Over the years, he has allegedly said something disparaging about then Toronto Maple Leaf Jason Blake's leukemia, taunted New Jersey Devil Martin Brodeur about rumours the goalie was having an affair with his sister-in-law (which turned out to be true) and publicly referred to Mr. Avery's former girlfriend, actress Elisha Cuthbert, who was dating then Calgary Flames defenceman Dion Phaneuf, as "sloppy seconds."



"Some players have escalated trash talking into an art form," says Jonathan F. Katz, a sports psychologist and a managing partner of High Performance Associates in New York. Because people see clips of professional athletes trash talking being played over and over again on TV, a lot of young and amateur players emulate their behaviour, he says.



The purpose of trash talking is to make a player on the opposing team "lose his focus," says Gordon Bloom, an associate professor in the department of Kinesiology & Physical Education at McGill University. "Does it work? Only if the person on the receiving end reacts. The best response is to ignore it."
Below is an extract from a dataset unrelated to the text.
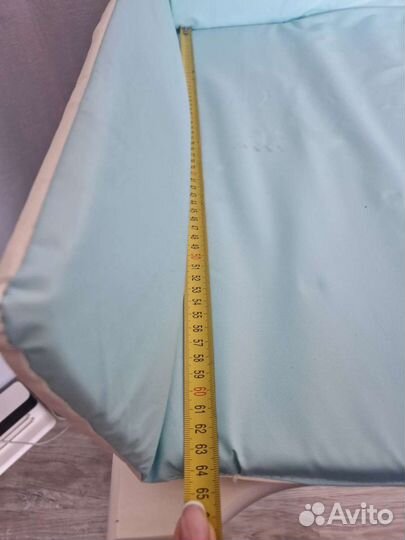 Матрас с бортиками для пеленального комода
Dr. Bloom, who works with professional, amateur and university athletes,

believes anyone can be trained not to react. If he knows a player has a short fuse, "I sometimes tell his teammates to trash talk him during practice to see how he reacts," and he uses the example to help teach the player to remain cool during a game.



Although an effective trash talker can gain certain advantages for his team, especially if he goads a more talented player into a fight that removes the player from the game and into the penalty box for a period of time, Dr. Katz generally frowns on it as a productive tactic. "Anything that can take away from [the trash talker's]focus, energy and concentration on the athletic task at hand is not, in my opinion, very constructive," he says.



Thomas Anczurowski, 39-year-old co-owner of Entertainment Liquidators of Canada, plays in several elite recreational hockey leagues in the Toronto area. He says he doesn't instigate any trash talking but, if provoked, "will lash out with my tongue." Most examples of what is said on the ice can't be printed in a daily newspaper, he notes. The comments tend to be attacks on a person's sexuality, physical appearance or abilities on the ice. Or, something of a sensitive personal nature.



"I once told this big, slow guy that he should eat some of the faster players on his team," he says. "When I then asked, 'With your eating disorder and lack of intelligence, how did you ever make it to your 40th birthday?' he lost his mind."



One of Mr. Anczurowski's tactics is to skate by the opponent's bench and tell them to "get their cameras ready," meaning he's about to do something on the ice worthy of being recorded. "Then, of course, you have to actually do it," he adds.



Gordon Bloom rues the evolution from old-school trash talk, which was never personal ("The code was that you didn't cross that line and you never talked about someone's family," he says), to the kinds of attacks perpetrated by players like Sean Avery. According to a Toronto sportswriter, Mr. Avery searches social media sites to find information, perhaps about a person's changed relationship status, to use on the ice.



Dr. Bloom advises coaches on teams playing against an adept trash talker to "alert the players about how he or she wants them to react if provoked." It doesn't always work, however. "It can be hard to walk away from some comments," he says, "especially if it's something personal."



For Dr. Katz, walking away is definitely the best strategy. "When players take the bait and respond to the trash talking," he says, "they are walking right into the trap set very cleverly by their opposition."